Since closing its doors in 2020, the Kmart on Lake Street has been a 10-acre sea of parking spaces, half-hanging red letters, and abandoned shopping carts. And for the residents in its Uptown neighborhood, it’s been a subject of conversation for years. With the plot disconnecting the northern and southern running streets in one of Minneapolis’s most popular hubs, the site of the former shopping center has broken apart access to bus routes, the Greenway, and the overall ability to quickly get from point A to point B between Lake Street and Nicollet Avenue, one of Minneapolis’s most popular transportation zones.
Shortly after the Lake Street Kmart’s foreclosure in 2020, the city of Minneapolis purchased the land with the intent to take the cement acreage to bigger and better heights. Now, nearly two years later, Minneapolis’s Community Planning and Economic Development team wants the community’s help in deciding the land’s new fate.
Community members and business owners can take an online survey offered through the city of Minneapolis’s website, where they can share their thoughts on what the area should become and how it can better serve the neighborhood. The goal of the project is to simultaneously restore the street grid between Lake Street and Nicollet Avenue, while also improving the quality of life for local residents in the Uptown area.
“The city of Minneapolis has a long history in how we’ve developed through our engagement with the community,” says Rebecca Parrell, one of the leaders in the New Nicollet Redevelopment, the project dedicated to redesigning the area. “And through getting the community involved, we’re trying to find out about how specifically the community currently functions in that area. What they see as challenges, what they see as assets, and how we can capitalize on those as we move forward.”
The first phase of the New Nicollet Redevelopment, deemed the Characteristics of Success, focuses on getting the Minneapolis community involved in the project itself. In addition to the survey, which runs until November 30, the group will host an open house at the Abyssinia Cultural Center, just a few blocks away from the former Kmart site, on October 25 from 5:30 to 8 p.m.
“I think it’s worth saying that there are different viewpoints,” Parrell says. “There are people who are really interested in supporting small, local businesses, while there are other folks interested in being able to have art or format stores that have the ability to provide a greater variety of low cost goods and services and groceries.”

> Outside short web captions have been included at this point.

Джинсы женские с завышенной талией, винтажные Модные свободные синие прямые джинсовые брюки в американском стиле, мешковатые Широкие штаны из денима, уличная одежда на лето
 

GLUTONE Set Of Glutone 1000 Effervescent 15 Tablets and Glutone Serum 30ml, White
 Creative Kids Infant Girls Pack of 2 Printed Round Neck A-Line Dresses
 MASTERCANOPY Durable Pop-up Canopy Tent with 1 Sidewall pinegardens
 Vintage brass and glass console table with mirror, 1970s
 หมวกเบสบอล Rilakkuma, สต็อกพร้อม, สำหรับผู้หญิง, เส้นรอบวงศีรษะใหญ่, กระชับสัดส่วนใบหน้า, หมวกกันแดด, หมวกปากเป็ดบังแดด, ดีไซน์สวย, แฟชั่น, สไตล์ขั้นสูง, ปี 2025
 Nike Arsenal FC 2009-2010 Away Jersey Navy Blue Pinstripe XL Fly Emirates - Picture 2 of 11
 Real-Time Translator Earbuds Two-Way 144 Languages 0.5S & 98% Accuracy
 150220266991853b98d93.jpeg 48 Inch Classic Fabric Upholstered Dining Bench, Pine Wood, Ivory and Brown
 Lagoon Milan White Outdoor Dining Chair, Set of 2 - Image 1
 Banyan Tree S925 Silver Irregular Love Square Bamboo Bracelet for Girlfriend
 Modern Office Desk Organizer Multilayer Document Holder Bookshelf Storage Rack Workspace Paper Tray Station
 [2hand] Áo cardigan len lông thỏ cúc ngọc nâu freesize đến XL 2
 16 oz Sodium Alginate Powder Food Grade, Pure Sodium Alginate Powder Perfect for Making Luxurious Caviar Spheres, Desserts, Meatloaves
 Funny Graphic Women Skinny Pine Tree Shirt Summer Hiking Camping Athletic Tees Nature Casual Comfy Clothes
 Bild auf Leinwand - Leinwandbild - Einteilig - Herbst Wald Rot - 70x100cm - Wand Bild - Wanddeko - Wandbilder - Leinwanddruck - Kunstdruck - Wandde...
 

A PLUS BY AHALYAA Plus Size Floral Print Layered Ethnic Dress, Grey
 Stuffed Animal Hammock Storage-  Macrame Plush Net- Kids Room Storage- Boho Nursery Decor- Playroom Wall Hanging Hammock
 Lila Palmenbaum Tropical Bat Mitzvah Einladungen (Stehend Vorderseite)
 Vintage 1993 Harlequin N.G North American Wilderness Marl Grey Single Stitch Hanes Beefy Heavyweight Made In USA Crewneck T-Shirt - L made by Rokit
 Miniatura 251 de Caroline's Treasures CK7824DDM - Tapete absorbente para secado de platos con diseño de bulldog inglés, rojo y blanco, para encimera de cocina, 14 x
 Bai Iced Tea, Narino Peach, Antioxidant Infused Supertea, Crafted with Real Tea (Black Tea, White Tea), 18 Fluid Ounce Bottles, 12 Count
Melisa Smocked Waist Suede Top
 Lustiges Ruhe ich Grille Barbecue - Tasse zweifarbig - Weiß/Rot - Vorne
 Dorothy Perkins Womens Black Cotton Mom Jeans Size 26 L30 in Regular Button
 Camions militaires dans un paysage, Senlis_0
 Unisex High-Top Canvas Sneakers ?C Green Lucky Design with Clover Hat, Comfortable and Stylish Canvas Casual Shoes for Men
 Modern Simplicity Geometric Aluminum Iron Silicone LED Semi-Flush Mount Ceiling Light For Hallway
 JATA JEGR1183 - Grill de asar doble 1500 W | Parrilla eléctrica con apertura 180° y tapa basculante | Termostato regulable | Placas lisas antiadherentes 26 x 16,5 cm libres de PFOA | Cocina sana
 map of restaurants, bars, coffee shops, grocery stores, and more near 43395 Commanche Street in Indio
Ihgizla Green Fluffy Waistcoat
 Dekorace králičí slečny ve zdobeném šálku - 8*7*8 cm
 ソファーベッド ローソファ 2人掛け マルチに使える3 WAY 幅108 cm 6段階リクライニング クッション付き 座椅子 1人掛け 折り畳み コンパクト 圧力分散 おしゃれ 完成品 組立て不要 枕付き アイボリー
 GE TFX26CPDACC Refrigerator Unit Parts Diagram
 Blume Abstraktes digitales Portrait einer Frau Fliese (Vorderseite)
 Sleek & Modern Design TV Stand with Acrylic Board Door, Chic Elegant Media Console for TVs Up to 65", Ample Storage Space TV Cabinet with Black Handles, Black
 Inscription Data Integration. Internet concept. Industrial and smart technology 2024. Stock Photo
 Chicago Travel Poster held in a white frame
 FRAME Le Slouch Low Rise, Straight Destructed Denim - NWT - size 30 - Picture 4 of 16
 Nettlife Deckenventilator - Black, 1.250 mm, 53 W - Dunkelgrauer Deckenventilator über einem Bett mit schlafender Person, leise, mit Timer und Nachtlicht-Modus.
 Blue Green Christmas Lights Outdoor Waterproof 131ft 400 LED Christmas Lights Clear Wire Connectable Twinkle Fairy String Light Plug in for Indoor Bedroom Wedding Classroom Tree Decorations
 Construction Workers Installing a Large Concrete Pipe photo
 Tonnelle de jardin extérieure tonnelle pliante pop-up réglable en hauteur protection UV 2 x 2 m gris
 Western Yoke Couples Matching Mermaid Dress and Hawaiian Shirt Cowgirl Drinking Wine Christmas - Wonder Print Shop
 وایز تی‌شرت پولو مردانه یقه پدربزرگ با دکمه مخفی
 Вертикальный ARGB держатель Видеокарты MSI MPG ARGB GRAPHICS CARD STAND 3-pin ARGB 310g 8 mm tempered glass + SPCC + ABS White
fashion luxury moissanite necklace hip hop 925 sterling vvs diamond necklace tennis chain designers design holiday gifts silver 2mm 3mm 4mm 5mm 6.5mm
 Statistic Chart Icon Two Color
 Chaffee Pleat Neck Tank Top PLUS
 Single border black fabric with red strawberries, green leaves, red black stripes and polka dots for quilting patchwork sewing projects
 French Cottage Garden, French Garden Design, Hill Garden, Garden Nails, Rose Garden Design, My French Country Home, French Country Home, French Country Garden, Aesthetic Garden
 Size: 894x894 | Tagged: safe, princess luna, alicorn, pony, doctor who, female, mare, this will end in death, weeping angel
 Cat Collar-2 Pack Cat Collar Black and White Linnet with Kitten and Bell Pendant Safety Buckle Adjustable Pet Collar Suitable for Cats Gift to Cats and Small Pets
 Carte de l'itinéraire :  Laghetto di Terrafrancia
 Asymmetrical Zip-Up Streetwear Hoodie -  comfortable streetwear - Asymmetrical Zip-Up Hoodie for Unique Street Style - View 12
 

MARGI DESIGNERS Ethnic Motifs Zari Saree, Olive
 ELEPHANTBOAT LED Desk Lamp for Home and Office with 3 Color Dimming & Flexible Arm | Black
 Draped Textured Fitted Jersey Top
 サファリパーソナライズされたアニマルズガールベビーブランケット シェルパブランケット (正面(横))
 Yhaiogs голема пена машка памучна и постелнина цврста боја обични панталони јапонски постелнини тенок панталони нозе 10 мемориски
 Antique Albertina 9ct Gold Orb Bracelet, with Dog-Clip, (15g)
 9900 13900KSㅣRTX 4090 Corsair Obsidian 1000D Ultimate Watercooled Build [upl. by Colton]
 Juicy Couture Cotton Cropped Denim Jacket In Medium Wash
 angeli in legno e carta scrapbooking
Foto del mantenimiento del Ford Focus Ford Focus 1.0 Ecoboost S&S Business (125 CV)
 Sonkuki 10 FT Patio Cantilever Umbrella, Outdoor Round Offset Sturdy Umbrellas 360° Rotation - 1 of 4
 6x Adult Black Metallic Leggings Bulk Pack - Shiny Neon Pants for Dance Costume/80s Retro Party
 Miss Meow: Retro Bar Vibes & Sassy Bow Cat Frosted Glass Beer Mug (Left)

At the heart of the redevelopment project, Parrell says balance is key. She explains that the future of the site is going to do its best to optimize the Characteristics of Success determined in the first phase of the New Nicollet Redevelopment, while aiming to promote the goods and services needed in the area when the design of the future space takes place in phase two. The actual demolition of the Kmart building and the area’s remodel will occur in phase three.
Although the project isn’t expected to be near completion until the end of 2023, a few things are certain: The new space will be greener, taller, and more convenient for locals. Parrell explains that the building will most likely include storefronts offering access to both Lake Street and Nicollet Avenue on street level, multiple stories of apartments offering new housing for the area located above, and lots of greenery added to the land to provide shade in the summer and to create a more welcoming environment, overall.
“At the end of the day, 10 acres of land can’t solve all of the challenges that we’re faced with,” Parrell says. “But we have to try to do our best to listen and prioritize what we’re hearing from the community. We’re going to do our best to meet the needs of the folks that are there.”